Apr 1, 2013

Solid State Batteries will be the successor to Lithium ion Batteries

Toyota has long clung to the Nickel-Metal-Hydride (NiMH) batteries, claiming that lithium-ion batteries are too expensive. Toyota is looking to solid state and lithium-air batteries. By modifying liquefied electrolytes into solid electrolytes, it allows each cells to connect without the need for individual casing, which results in creating a more compact packaging. Solid state batteries could thus have one fifth the volume of current batteries. What makes that possible is the use of solid electrolytes. Rather than a liquid sloshing around, a solid state battery has blocks of solid material pressed together. This requires less packaging to achieve the same effect as the liquid electrolyte batteries.

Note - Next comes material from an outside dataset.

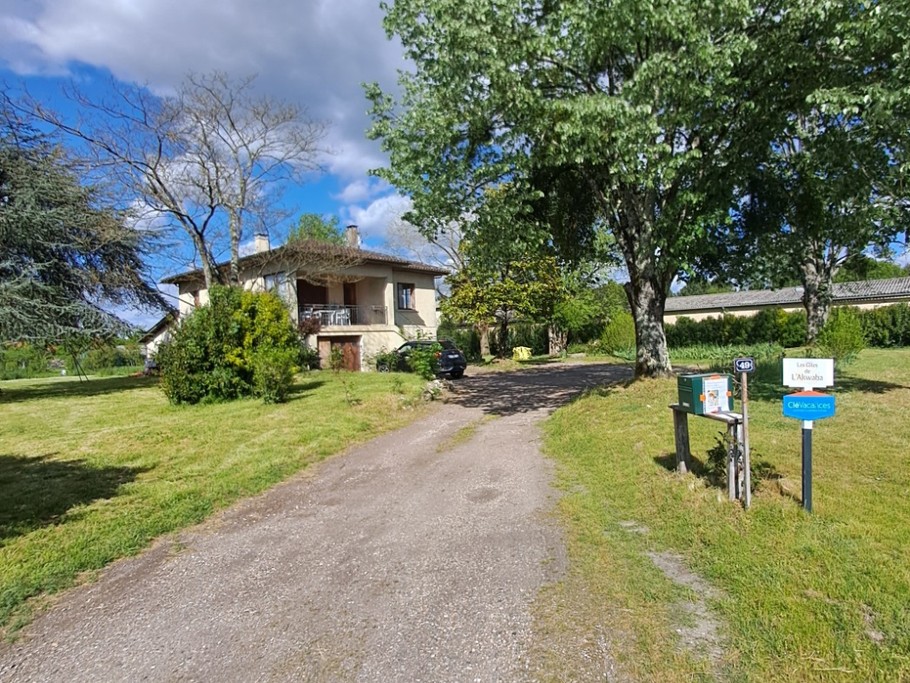 entrée au gîte et parking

With metal-air batteries, the cathode is "air", meaning that the battery weight is only the anode. The problem with this picture is that with current lithium-air battery research, the "air" must be pure oxygen, and cannot be any old air from the atmosphere. This is because of contaminants and especially humidity. Lithium-metal burns in certain conditions. To resolve this problem lithium-air battery researchers have gizmos to extract pure oxygen from the atmosphere to provide the proper stuff to the lithium-air battery. That gizmo adds to the packaging complexity of lithium-air batteries in a way that is not shown on Toyota's picture.